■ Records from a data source

_____

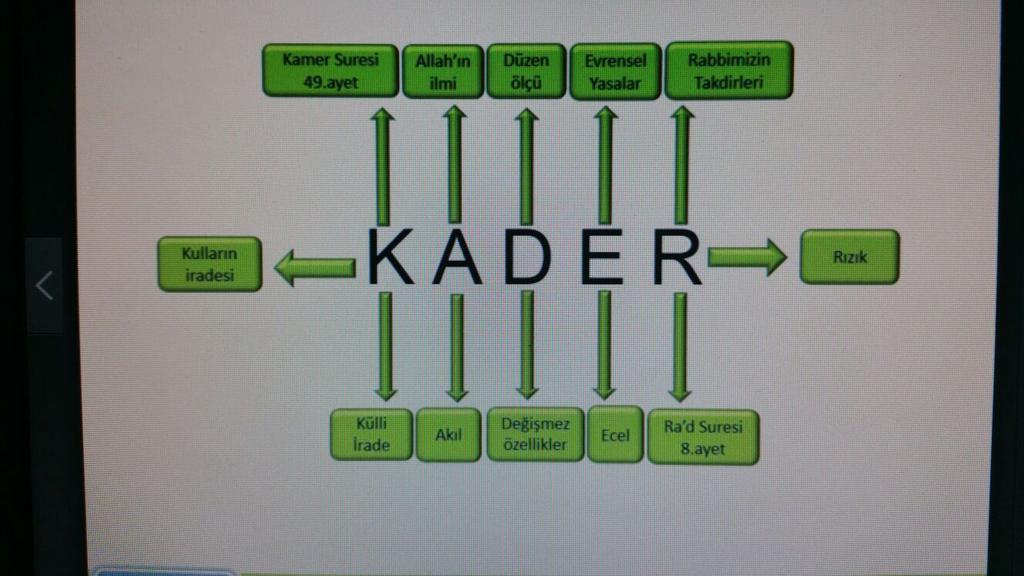 ipekzyaar's tweet image. #yukseklisans #kader #odev #sunum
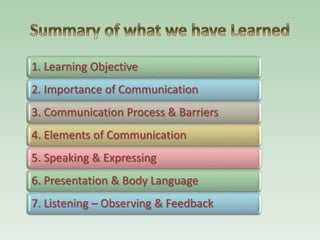 Communication Excellence Example Excellence in Communication Skills | PPTX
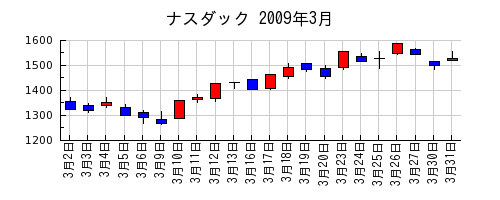ナスダックの2009年3月のチャート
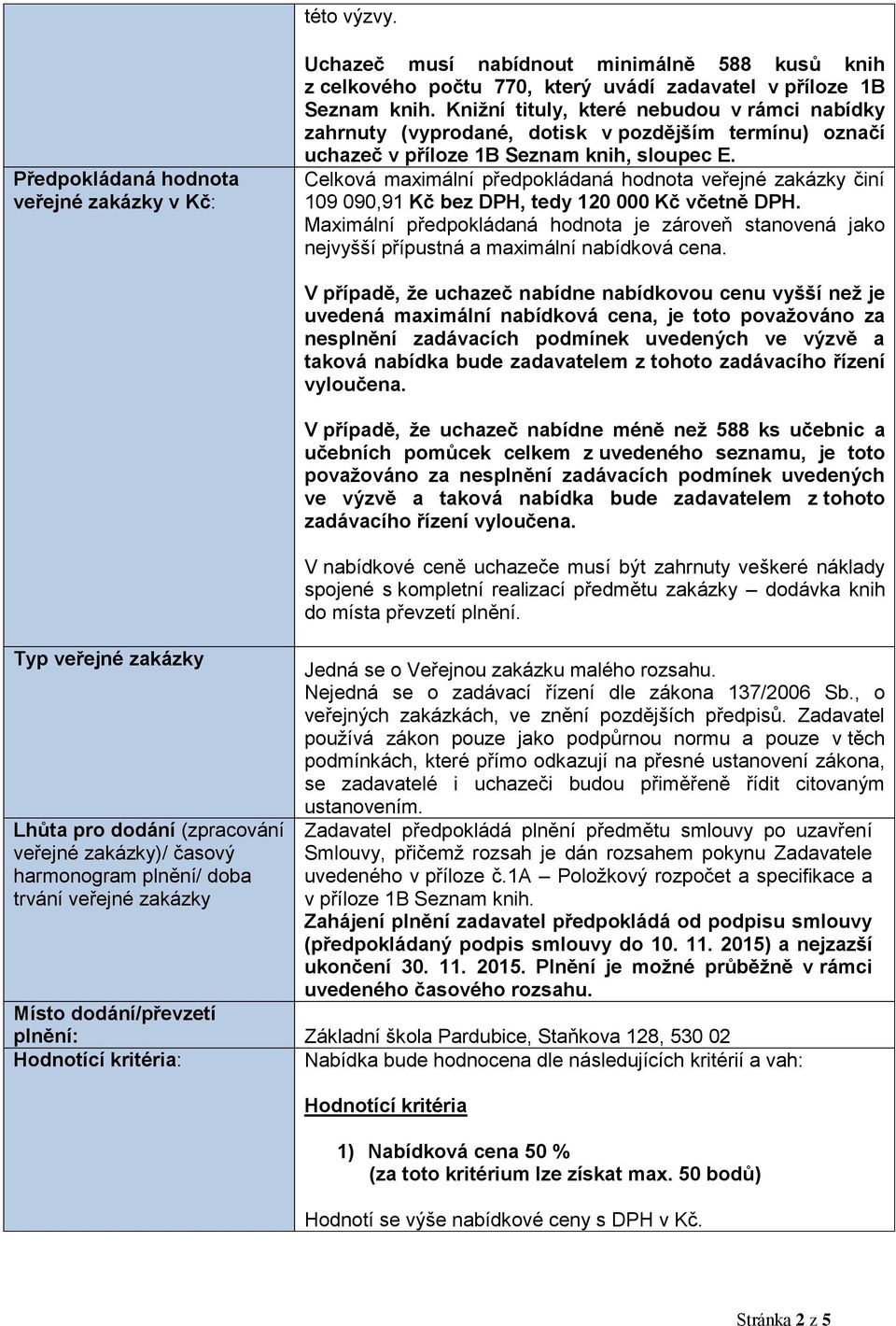 Celková maximální předpokládaná hodnota veřejné zakázky činí 109 090,91 Kč bez DPH, tedy 120 000 Kč včetně DPH.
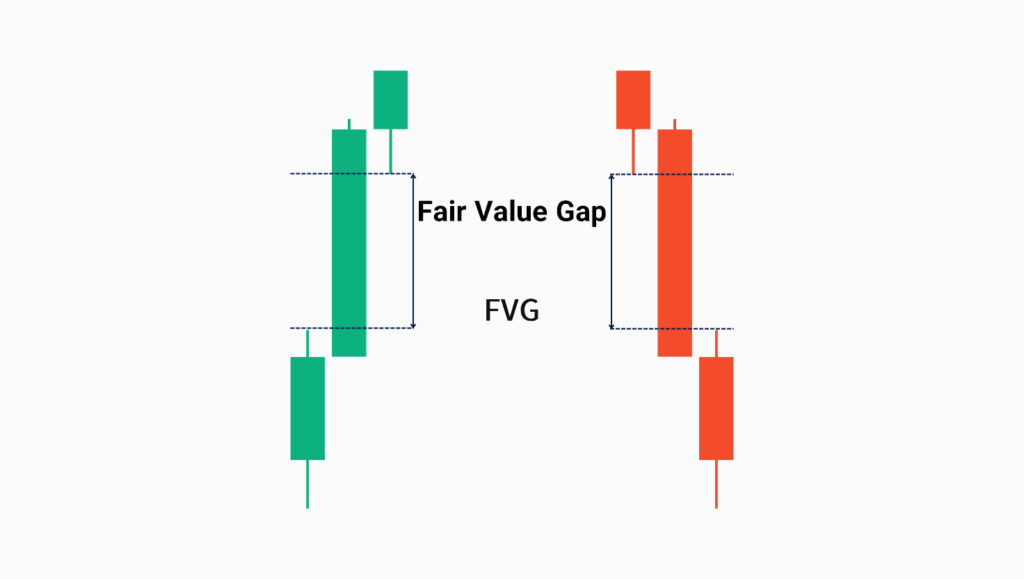 Fair Value Gap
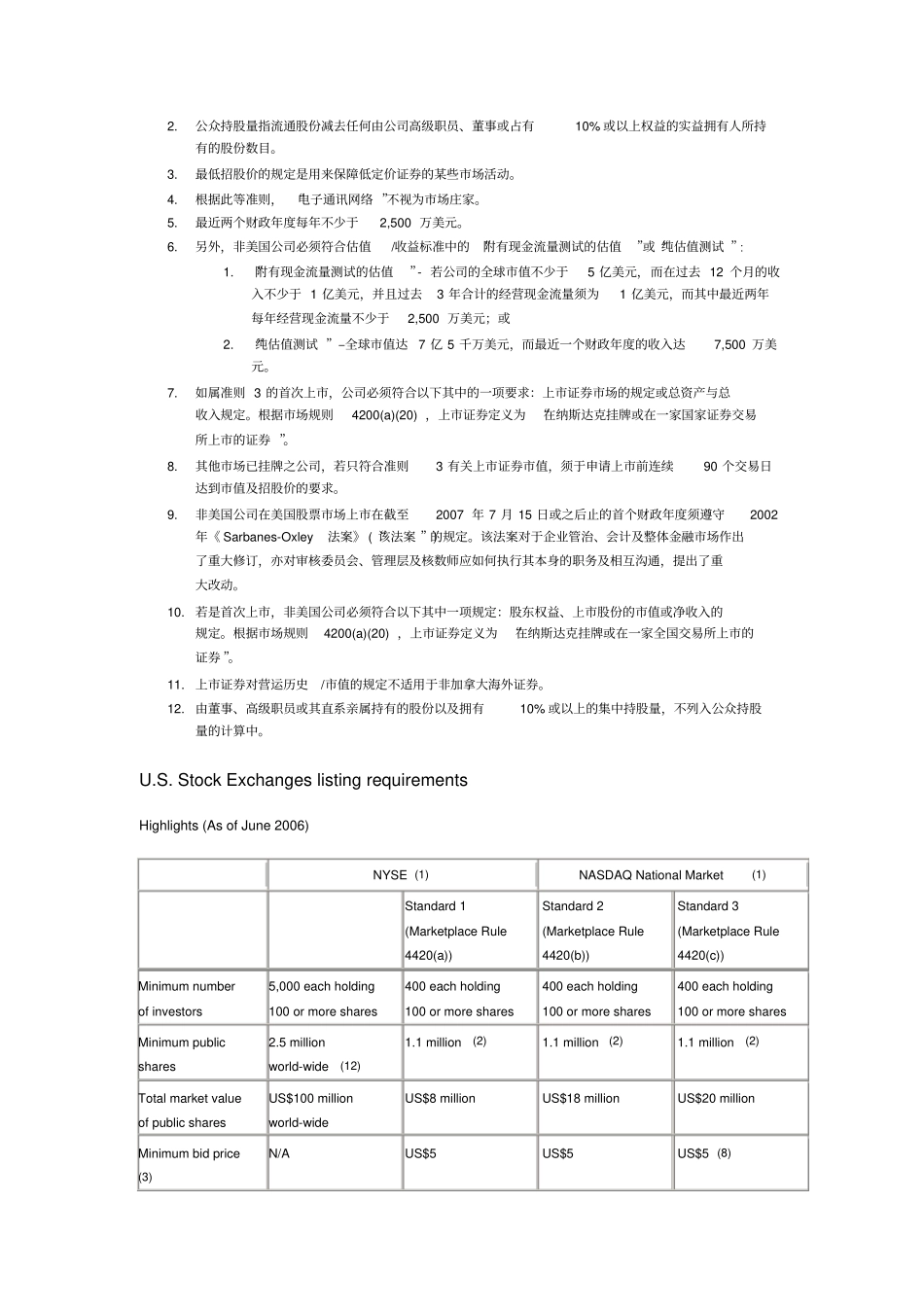 美国股票场上要求摘要_第2页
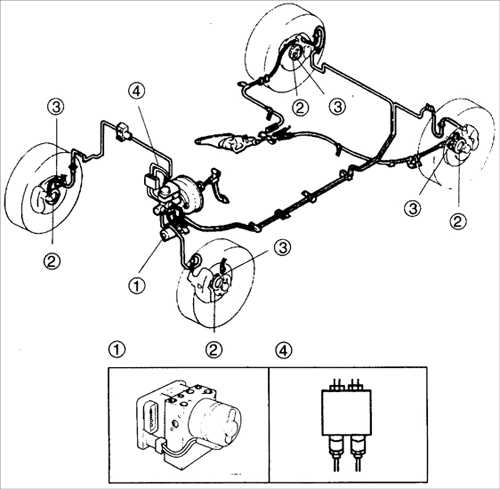  Тормозная система Kia Sephia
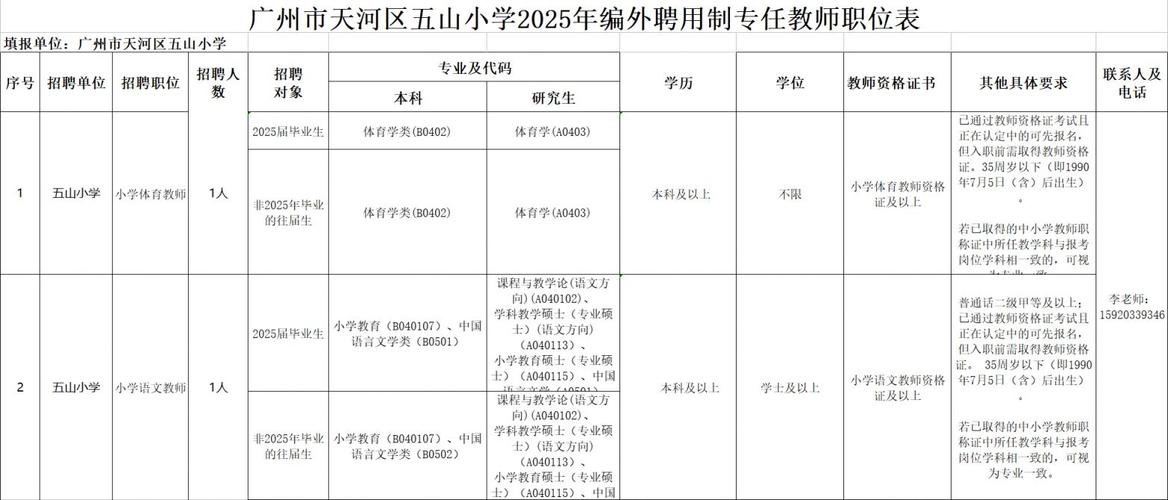 2025年7月广东广州市天河区珠村小学招聘编外聘用制专任教师拟聘用人员公示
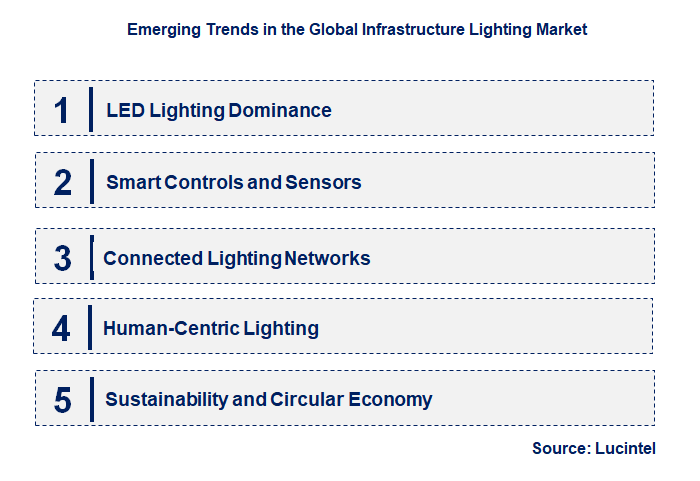 Emerging Trends in the Infrastructure Lighting Market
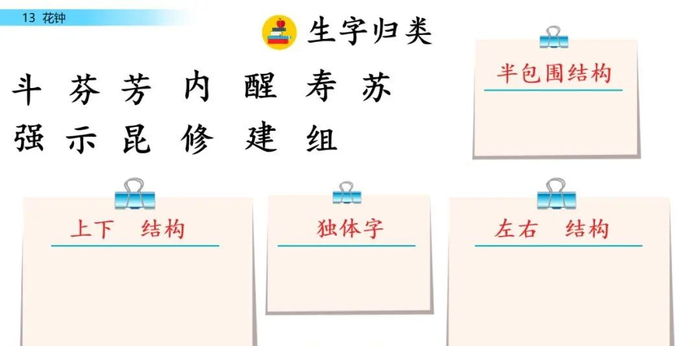 【微课堂】统编语文三年级下册第13课《花钟》图文解读+教学视频+知识点+同步练习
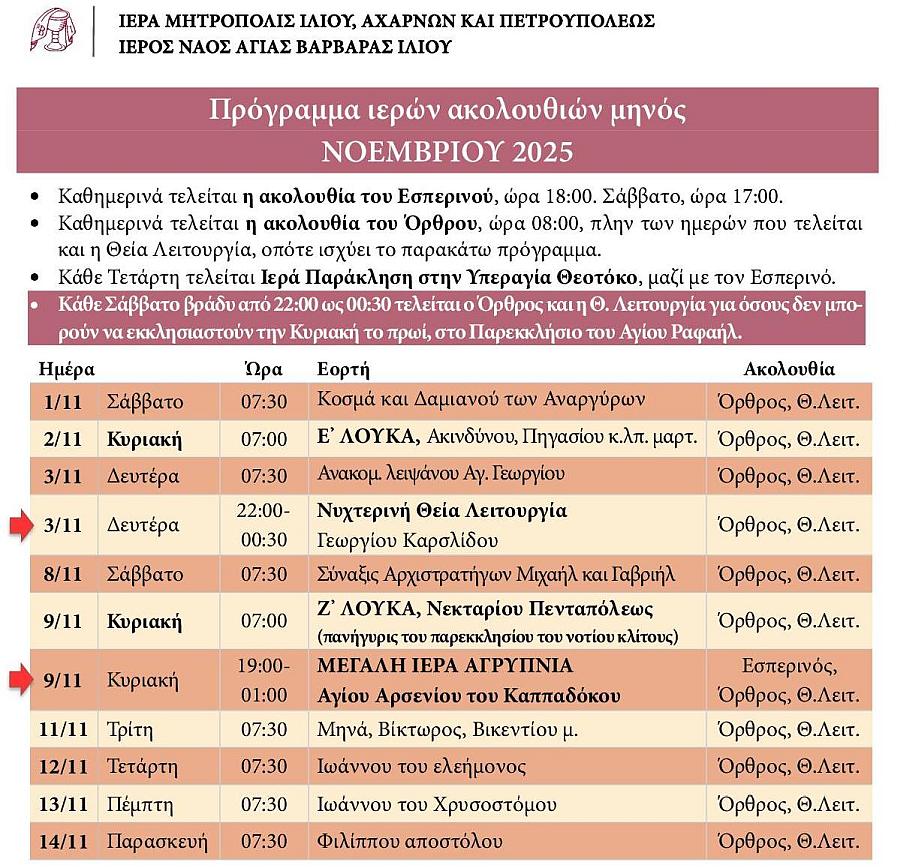 Πρόγραμμα ακολουθιών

_____

■ About this task
The output must be every line of the records, printed exactly, with the pictures omitted.

■ Answer
 ipekzyaar's tweet image. #yukseklisans #kader #odev #sunum
 Communication Excellence Example Excellence in Communication Skills | PPTX
ナスダックの2009年3月のチャート
 Celková maximální předpokládaná hodnota veřejné zakázky činí 109 090,91 Kč bez DPH, tedy 120 000 Kč včetně DPH.
 Fair Value Gap
 美国股票场上要求摘要_第2页
  Тормозная система Kia Sephia
 2025年7月广东广州市天河区珠村小学招聘编外聘用制专任教师拟聘用人员公示
 Emerging Trends in the Infrastructure Lighting Market
 【微课堂】统编语文三年级下册第13课《花钟》图文解读+教学视频+知识点+同步练习
 Πρόγραμμα ακολουθιών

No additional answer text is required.